NEW YORK (GenomeWeb) – The American Clinical Laboratory Association issued a statement today criticizing a recent Office of Inspector General report on the implementation of the new lab test pricing law, the Protecting Access to Medicare Act.
PAMA, which became law in 2014, established a market-based pricing system for clinical lab tests where Medicare payment for a test is calculated based on the weighted median of private payor rates. The Centers for Medicare & Medicaid Services last year finalized rates on the clinical lab fee schedule (CLFS), which went into effect this year and are expected to save CMS $670 million.
A significant portion of the lab industry expressed concerns about the deep cuts they would face and had urged the government payor to delay PAMA implementation. After CMS decided to release final prices, however, ACLA sued CMS, alleging the agency established rates through a process that didn't capture the entire lab testing market and, therefore, had "failed to follow a congressional directive to implement a market-based laboratory payment system."
ACLA reiterated this allegation after the OIG issued a report this week concluding what most industry players already know, that the implementation of PAMA resulted in lower Medicare payment rates for most lab tests. Specifically, OIG estimated that 75 percent of CLFS rates decreased in 2018, while 15 percent of the rates remained the same, and 10 percent increased.
"The recent OIG report skirts the central issue: that [the US Department of Health and Human Services] deliberately chose to ignore congressional intent in its implementation of PAMA — cherry-picking data from fewer than 1 percent of labs," ACLA President Julie Khani said in a statement. "Any analysis by OIG that fails to recognize that fact does a disservice to Congress and to the millions of seniors who depend on access to lab testing through Medicare."
According to ACLA, the "draconian cuts" to rates are putting at risk millions of seniors who may not have access to necessary tests. "Particularly hard hit will be the most vulnerable seniors, such as those in rural areas, those who require home care, or those in skilled nursing facilities," Khani said.
CMS calculated 2018 rates based on data it received from nearly 2,000 labs, but OIG recognized that some labs reported having difficulty determining if they met the criteria for reporting. OIG said it identified at least 20 high volume independent labs that met the criteria for reporting but didn't nor report private payor rates last year, and 37 percent of the labs that reported may have been exempt from reporting because they didn't meet the low expenditure threshold.

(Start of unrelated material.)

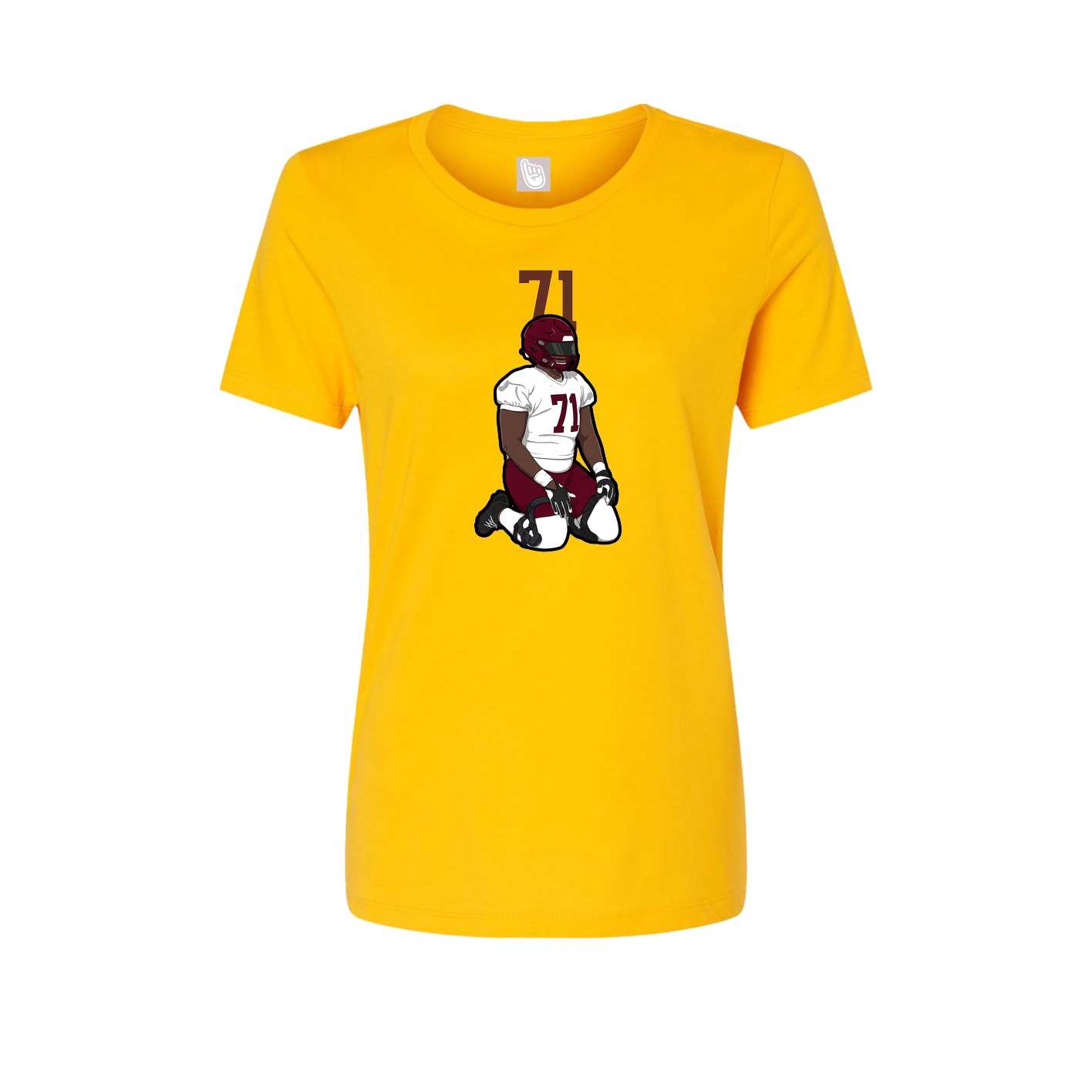Fitted Women's Tee — Number Top in Gold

CMS has maintained that that data it recieved and based 2018 rates on captures 96 percent of lab tests on the CLFS, accounting for more than 96 percent of Medicare spending on lab tests in 2016. "This strong response gives us confidence that the final payment rates accurately capture the rates paid by private payors and allow CMS to utilize the power of the private market to help make sure the CLFS pays accurately for tests," CMS has stated.

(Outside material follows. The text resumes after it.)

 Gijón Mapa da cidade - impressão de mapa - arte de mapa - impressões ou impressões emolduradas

OIG in its report said that while limited reporting may not have had a meaningful effect on 2018 rates, "it remains a risk in future data reporting periods." According to the report, CMS relied on labs' self-certification of reported data and performed few quality assurance checks. For example, CMS identified outliers and removed wrong data reported by four labs, but OIG pointed out that the government payor didn't do much to ensure if labs were reporting rates that were excluded under PAMA.

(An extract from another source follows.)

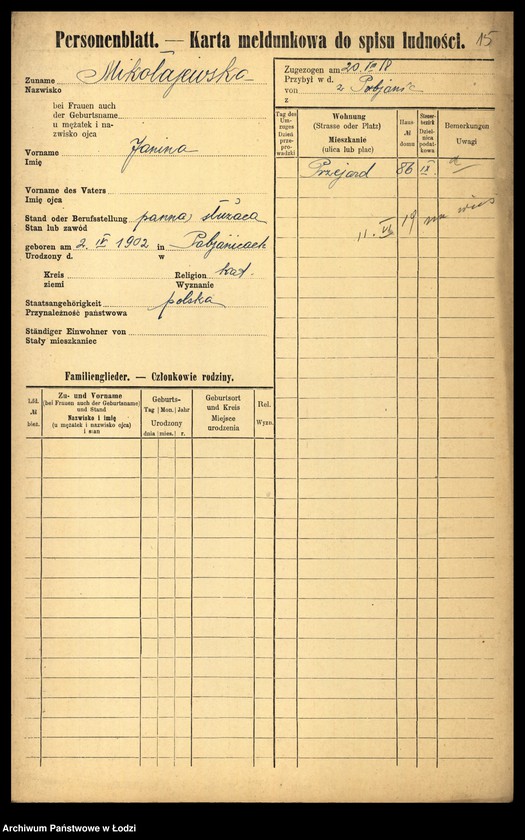Obraz 18 z jednostki "[Spis ludności Łodzi] Mikołajew - Milchteich"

OIG recommended that CMS do more outreach to labs to make sure they know whether or not they have to report under PAMA, and enhance efforts to ensure that labs are reporting data they're required to.
The OIG report does not go far enough in ACLA's view. "Unfortunately, OIG and HHS are working within a failed framework. Improving the methodology of collecting data from fewer than 1 percent of labs does little to improve overall data quality," Khani said. "Congress needs to intervene and direct HHS to follow congressional intent, gather data that is truly reflective of the market, and protect millions of seniors from draconian cuts to their Medicare benefits."